104     Par conséquent, il y a lieu de constater que :

–        en limitant la forme juridique des organismes de formation de médiateurs à des sociétés sans but lucratif, qui doivent être constituées conjointement d’au moins une association d’avocats et d’au moins une chambre professionnelle de Grèce, la République hellénique a manqué aux obligations qui lui incombent en vertu de l’article 15, paragraphe 2, sous b) et c), ainsi que paragraphe 3, de la directive 2006/123 ;

–         en subordonnant la procédure de reconnaissance des qualifications académiques à des exigences supplémentaires concernant le contenu des certificats requis et à des mesures compensatoires sans évaluation préalable de l’existence éventuelle de différences substantielles avec la formation nationale, et en maintenant en vigueur des dispositions discriminatoires qui obligent les demandeurs d’une accréditation de médiateur qui possèdent des titres d’agrément obtenus à l’étranger ou délivrés par un organisme de formation reconnu de l’étranger à l’issue d’une formation dispensée en Grèce à justifier d’une expérience d’au moins trois participations à une procédure de médiation, la République hellénique a manqué aux obligations qui lui incombent en vertu des articles 13 et 14, de l’article 50, paragraphe 1, ainsi que de l’annexe VII de la directive 2005/36.

 Sur les dépens

105    En vertu de l’article 138, paragraphe 1, du règlement de procédure de la Cour, toute partie qui succombe est condamnée aux dépens, s’il est conclu en ce sens.
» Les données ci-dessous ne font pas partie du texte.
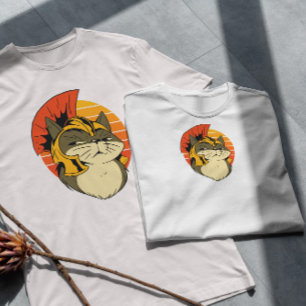 Camiseta Cat In Roman Helmet Cartoon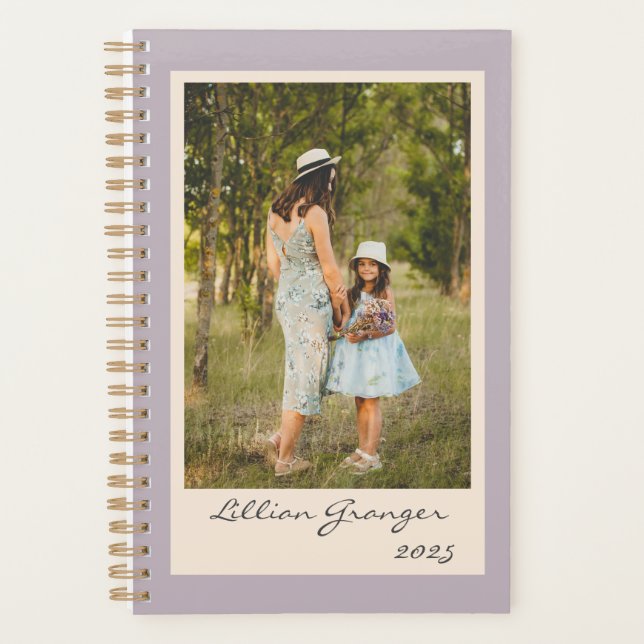 Agenda Foto personalizada lilac personalizada simples com (Frente)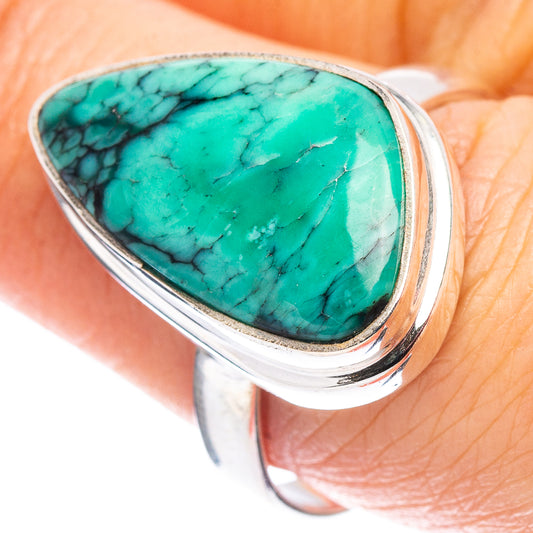 Sterling silver ring with oval turquoise variscite gemstone, smooth bezel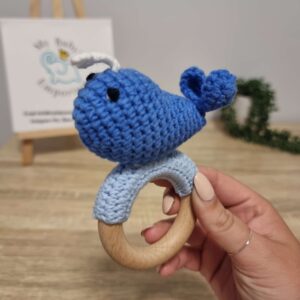 Crocheted Animal Rattle - Whale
La Commission ayant conclu à la condamnation de la République hellénique et celle-ci ayant succombé en ses moyens, il y a lieu de condamner cette dernière aux dépens.

Par ces motifs, la Cour (quatrième chambre) déclare et arrête :

1)            En limitant la forme juridique des organismes de formation de médiateurs à des sociétés sans but lucratif, qui doivent être constituées conjointement d’au moins une association d’avocats et d’au moins une chambre professionnelle de Grèce, la République hellénique a manqué aux obligations qui lui incombent en vertu de l’article 15, paragraphe 2, sous b) et c), ainsi que paragraphe 3, de la directive 2006/123/CE du Parlement européen et du Conseil, du 12 décembre 2006, relative aux services dans le marché intérieur ;

–        en subordonnant la procédure de reconnaissance des qualifications académiques à des exigences supplémentaires concernant le contenu des certificats requis et à des mesures compensatoires sans évaluation préalable de l’existence éventuelle de différences substantielles avec la formation nationale, et en maintenant en vigueur des dispositions discriminatoires qui obligent les demandeurs d’une accréditation de médiateur qui possèdent des titres d’agrément obtenus à l’étranger ou délivrés par un organisme de formation reconnu de l’étranger à l’issue d’une formation dispensée en Grèce à justifier d’une expérience d’au moins trois participations à une procédure de médiation, la République hellénique a manqué aux obligations qui lui incombent en vertu des articles 13 et 14, de l’article 50, paragraphe 1, ainsi que de l’annexe VII de la directive 2005/36/CE du Parlement européen et du Conseil, du 7 septembre 2005, relative à la reconnaissance des qualifications professionnelles, telle que modifiée par la directive 2013/55/UE du Parlement européen et du Conseil, du 20 novembre 2013.

2)      La République hellénique est condamnée aux dépens.

Signatures


*      Langue de procédure : le grec.